Yine 19. yüzyılda çimentonun bulunmasıyla park süsleme ve dekorasyonlarında moda haline gelen “Rocailles” dediğimiz ilk bakışta taş veya kaya görünümünde olan çimentodan ağaç gövdesi ve dal formu verilmiş bank, oturma yerleri, masalar, köprü, şelale ve mağara, parka rustik bir hava vermektedir.
JOSAPHAT’TA KÜLTÜREL AKTİVİTELER
Josaphat parkında her yıl olduğu gibi ilkbaharla birlikte kültürel aktiviteler başlar.
Schaerbeek, kirazı ve kirazlı birasıyla meşhurdur. Bu özelliğinden dolayı her yıl haziran ayının son pazar günü geleneksel kiraz festivali kutlanır. Festivalde en önemli etkinlik ağızla kiraz çekirdeği fırlatma yarışması. 14 metrelik rekor şimdiye kadar hâlâ kırılamadı. Park içerisinde, Fransızca “Kiosque à musique” dediğimiz, müzik konserlerinin yapıldığı sahne, 1925 yılında inşa edilmiş ve günümüze kadar binlerce konsere ev sahipliği yapmış. Tüm yaz boyunca halka açık ve ücretsiz olan açık hava müzik konserleri değişik kültürlerden olan insanları bir araya getirip
kaynaştırmakta… Ailenizle veya dostlarınızla gelip eğlenip, dans edebileceğiniz çok güzel bir ortam… Latin Amerika, Jazz, Soul, Blues gibi tüm dünya müziklerini dinleyip eğlenme şansına sahipsiniz.

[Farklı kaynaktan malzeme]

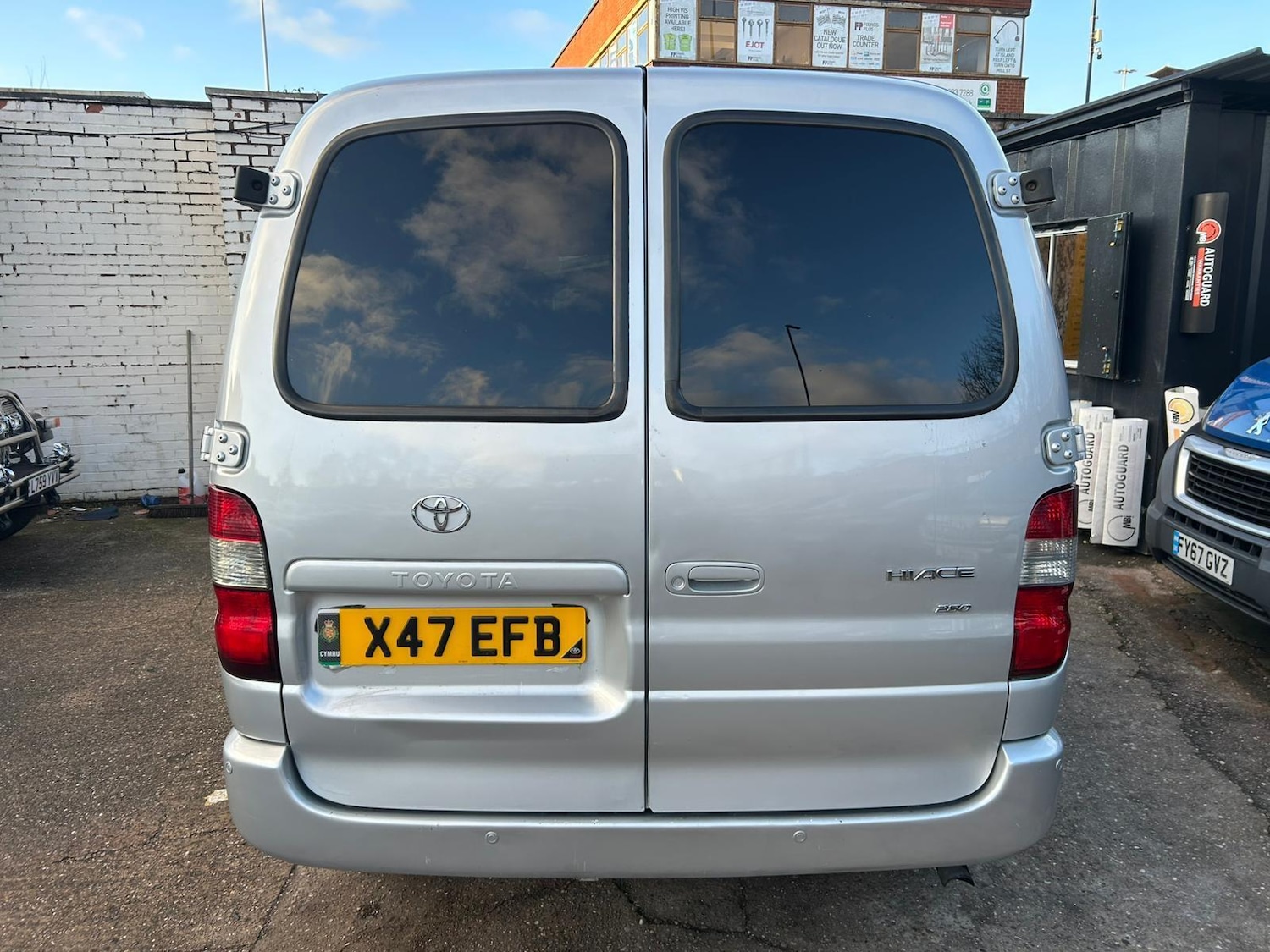 Used Toyota HiAce 2007 for sale - 77237718: Photo 8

Josaphat parkı sınırları içerisinde olan Crossing Stadyumunda 1984 yılında Amerikalı ünlü şarkıcı Bob Dylan’ın 20.000 kişiye verdiği hâlâ unutulmayan konserler arasında.
Parkta en çok beğendiğim heykeller arasında pembe taştan yapılmış, çocuğunu emziren anne heykeli “Maternité” 1951 yılında Schaerbeek belediyesine tahsis edilmiş. “Heykeltraş Maurice de Korte”.
Ağaç tepelerine bakan oduncu heykeli ise, 1895 yılında yapılmış. Heykeltraş “Bernard Verbeyst”. Bir diğer önemli sanat eseri de I. Dünya şavaşında Alman nazileri tarafından 1915 yılında kurşuna dizilen Schaerbeek doğumlu mimar Philippe Baucq’un anısına 1974 yılında dikilmiş. Heykeltraş “Jacques Nisot “.
Oturduğumuz yere yakın olmasından dolayı hemen hemen haftada birkaç kere yürüyüş yapmak ve temiz hava almak için gittiğimiz bu park, yazın insanların akınına uğruyor. Piknik yapmak, güneşlenmek, yürümek için Brüksel’de oturan Türk toplumu tarafından da tercih edilip beğenilen bir park, Josaphat Parkı.